*** The input Section Begins ***

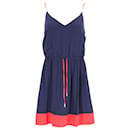 Tommy Hilfiger Womens Essential Colour Blocked Strap Dress in Navy Blue Viscose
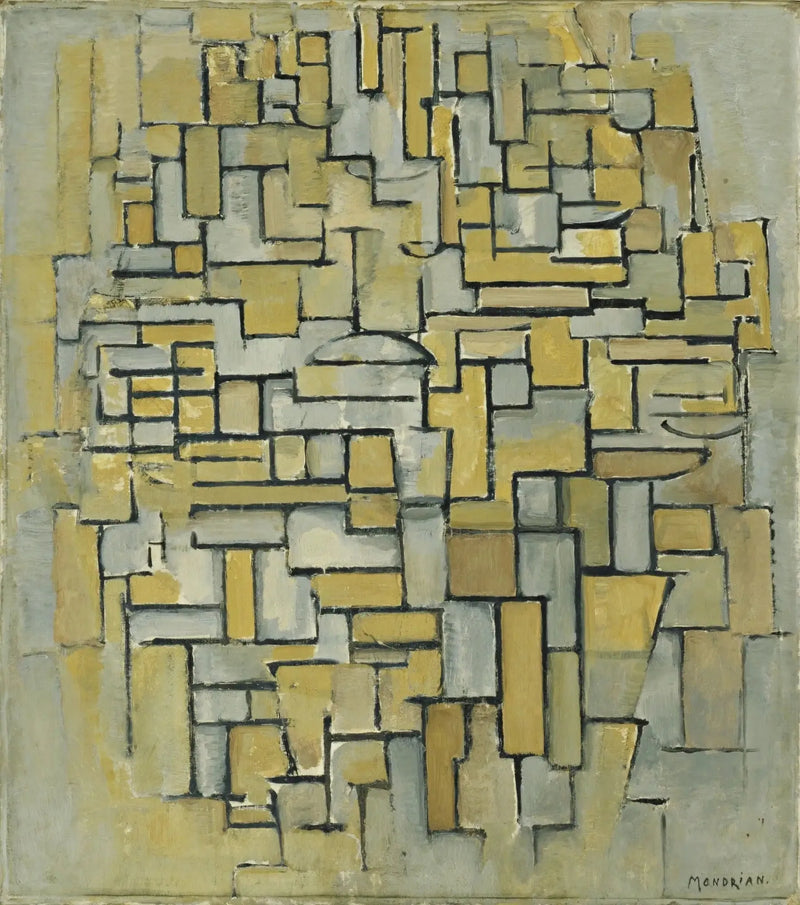 Composizione in marrone e grigio - Piet Mondrian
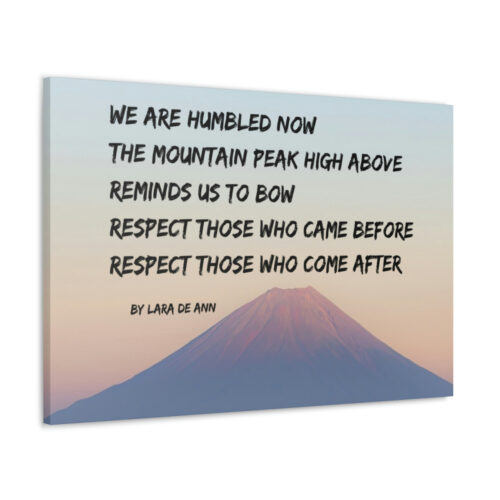 Respect - tanka - canvas - natural - Image 10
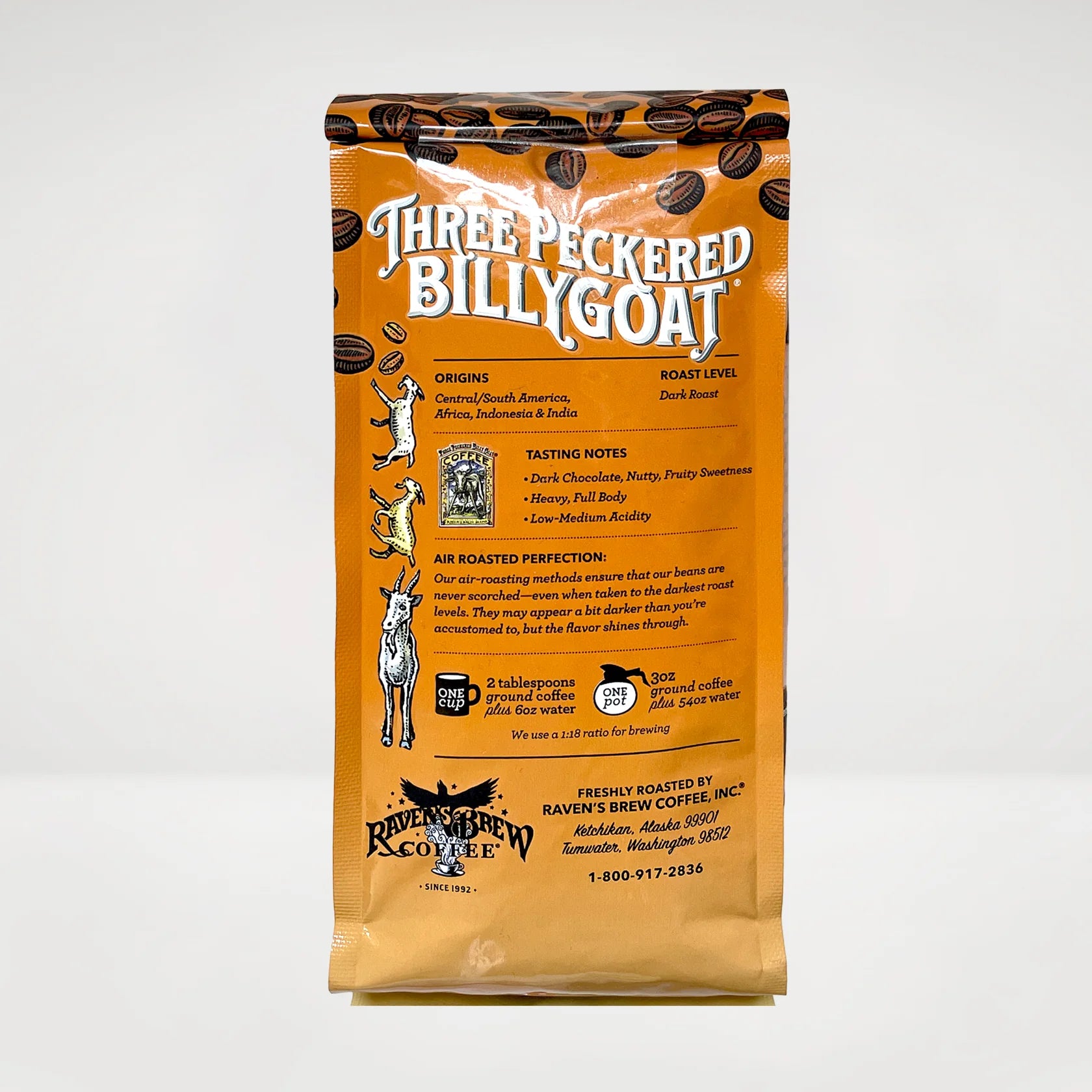 Raven's Brew Three Peckered Billy Goat® Coffee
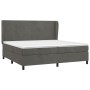 Cama box spring con colchón terciopelo gris oscuro 200x200 cm de vidaXL, Camas y somieres - Ref: Foro24-3129112, Precio: 606,...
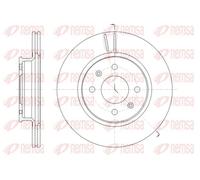 2x Disque de frein Essieu avant ventilé 61424.10 REMSA pour HYUNDAI i20 I
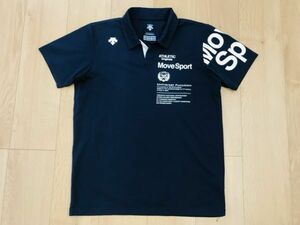 【良品】デサント MoveSport★ドライポロシャツ★濃紺★JP‐L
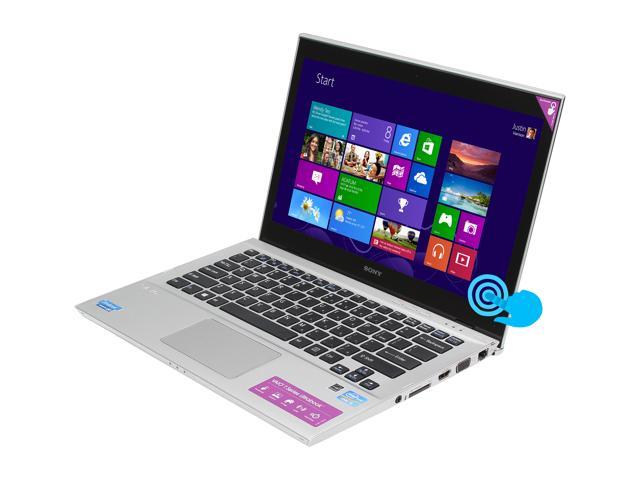 SONY Ultrabook VAIO T Series Intel Core i5-3317U 6GB Memory 500GB + 32GB MLC Hybrid(5400rpm Hybrid) HDD Intel HD Graphics 4000 13.3" Touchscreen Windows 8 64-bit SVT13126CXS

*** The input Section Ends ***

§ What this task involves
Beginning with the line holding "Composizione in marrone", copy each line exactly through the end of the records above, and leave every picture out.

§ Exercise answer
 Composizione in marrone e grigio - Piet Mondrian
 Respect - tanka - canvas - natural - Image 10
 Raven's Brew Three Peckered Billy Goat® Coffee
 Cama box spring con colchón terciopelo gris oscuro 200x200 cm de vidaXL, Camas y somieres - Ref: Foro24-3129112, Precio: 606,...
 2x Disque de frein Essieu avant ventilé 61424.10 REMSA pour HYUNDAI i20 I
 【良品】デサント MoveSport★ドライポロシャツ★濃紺★JP‐L
 SONY Ultrabook VAIO T Series Intel Core i5-3317U 6GB Memory 500GB + 32GB MLC Hybrid(5400rpm Hybrid) HDD Intel HD Graphics 4000 13.3" Touchscreen Windows 8 64-bit SVT13126CXS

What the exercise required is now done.